IS auditors have used control matrices since the 1970s to evaluate how reliably a system safeguards assets and protects data integrity [8]. This technique can also be used to evaluate the quality level of an information product. Control matrices are a concise way to link data problems to the quality controls that should detect and correct these data problems during the information manufacturing process. The columns of the matrix list the data quality problems that can afflict the finished information product. The rows of the matrix are the quality checks or corrective processes exercised during the information manufacturing process to prevent, detect, or correct these quality problems. These controls can be identified from either a data flow diagram or IP-Map of the data manufacturing process. The elements of the matrix rate the effectiveness of the quality check at reducing the level of data errors. These ratings can take several forms.

Yes/No. A quality check exists to prevent certain error(s) from appearing in the information product. In this case, the IPM has examined the information production process and has identified a corrective or detective process in place that should prevent that type of error from appearing in the final information product. Notice the Yes/No provides the lowest level of assessment since this only indicates a quality check is present, and does not address how well the quality check performs its function.

Category. A quality check exists to prevent certain error(s) from appearing in the final information product and the IPM is able to describe its effectiveness at error prevention, detection, or correction as low, moderate, or high. This categorical assessment provides more information than a simple Yes/No since it captures the IPM's belief as to how reliably the quality check performs its function.

Number. A quality check exists in the manufacturing process to prevent certain error(s) from appearing in the final information product and the IPM is able to describe its performance at removing the data problem numerically. To obtain a numerical assessment of the quality check's effectiveness, the IPM must devise a test in order to evaluate the control's effectiveness. For example, the IPM may create several test data sets seeded with known errors. The quality check is then applied to the test data set. If the quality check is able to correct on average, say 95% of the known errors, then the quality check can be considered on average 95% effective at preventing those types of data irregularities from appearing in the information product.

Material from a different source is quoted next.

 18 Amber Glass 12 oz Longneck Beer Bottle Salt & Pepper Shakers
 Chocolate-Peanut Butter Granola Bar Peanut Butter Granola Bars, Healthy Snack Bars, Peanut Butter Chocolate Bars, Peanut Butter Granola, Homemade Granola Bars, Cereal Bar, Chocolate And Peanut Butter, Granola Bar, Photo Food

Formula. A quality check exists in the manufacturing process to prevent certain errors(s) from appearing in the final information product; however, its reliability rate depends on a relationship between itself and some other variables. Under this scenario, the IPM has obtained through process experimentation an understanding of how the reliability of a quality check may fluctuate and is able to describe that fluctuation through a mathematical function. For example, clerks who take orders over the phone may be less reliable in checking the data quality of the orders as the day progresses and this behavior can be modeled using a function incorporating the time of day.

Control matrices are a concise way to link data problems to the quality controls that should detect and correct these data problems during the information manufacturing process.

The control matrix is designed to focus on those parts of the data manufacturing process that prevent, detect, or correct data irregularities in the final information product. It is important to note that not every quality check will detect every type of error. It is quite possible that multiple quality checks are employed during the information manufacturing process, each one designed to catch different types of data problems.

Table. Generic control matrix for an information product.

Once the information production control matrix is complete, the IPM examines each data error column of the matrix in order to weigh up the effects of the various data quality controls and to determine whether the quality of the information product is at an acceptable level. Columns that have no or low control reliability ratings represent data quality problems that the manufacturing process may be overlooking. Acceptable quality levels will depend on the organization's commitment to data quality as well as to the costs and benefits of maintaining the information product at a given quality level. In addition, information on the source of errors, cost of errors, frequency of errors, and cost of controls can be added to the control matrix to help estimate the impact of an unreliable information product.

For each column, the IPM assesses how many errors remain in the information product after the quality checks have been performed. This assessment depends on the IPM's understanding of the information production process. To get an overall assessment of the quality of the information product, the IPM combines the individual data irregularities rates into an overall rating. In the simplest case where the error rates are independent and in the same numerical units, the IPM can apply basic probability rules to determine the probability that a given information product is free from defects.

In the case where numerical assessments of reliability were not obtained, the IPM will need to subjectively combine the Yes/No or categorical ratings to get an overall feel of the quality level of the information product. In addition, if the error rates are expressed in terms of functions, a spreadsheet or simulation program may be needed to gauge the overall reliability of the information product. In particular, where probability density functions are involved, the overall quality of the information product may be better expressed as a graph rather than a single number such as an average.

Table. Control matrix for mailing list.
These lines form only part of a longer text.